INPUT DATA START

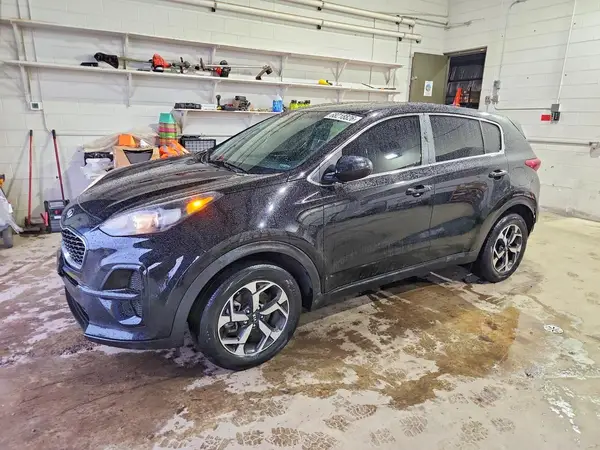 KNDPM3AC8N7963501 — 2022 Kia Sportage, Задняя часть (Rear End), фото до ремонта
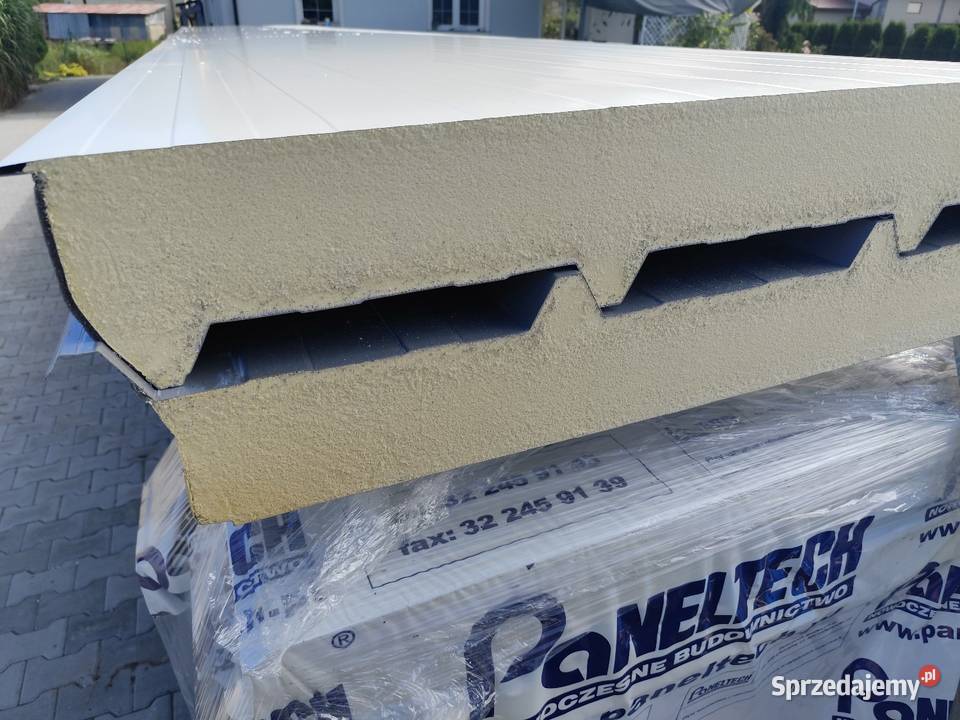 Płyta warstwowa dachowa Kingspan Paneltech sprzedam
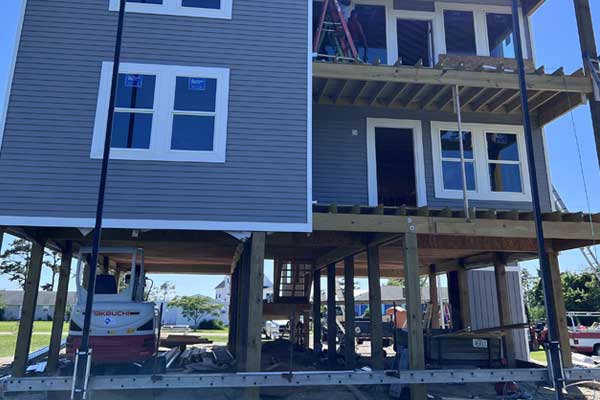 New Windows and Siding Installation New Windows and Siding Installation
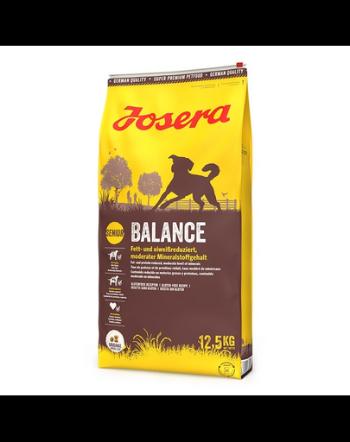 JOSERA Balance 12,5kg hrana caini batrani sau putin activi + 1 x Denties &amp; Meat Lovers GRATIS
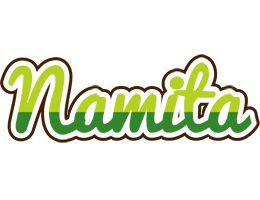 Namita golfing logo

INPUT DATA END

• _ACTIVITY_
In the records above, find the line that contains "Płyta warstwowa dachowa" and repeat exactly that line and all lines after it to the end. Do not include pictures.

• _EXERCISE OUTPUT_
 Płyta warstwowa dachowa Kingspan Paneltech sprzedam
 New Windows and Siding Installation New Windows and Siding Installation
 JOSERA Balance 12,5kg hrana caini batrani sau putin activi + 1 x Denties &amp; Meat Lovers GRATIS
 Namita golfing logo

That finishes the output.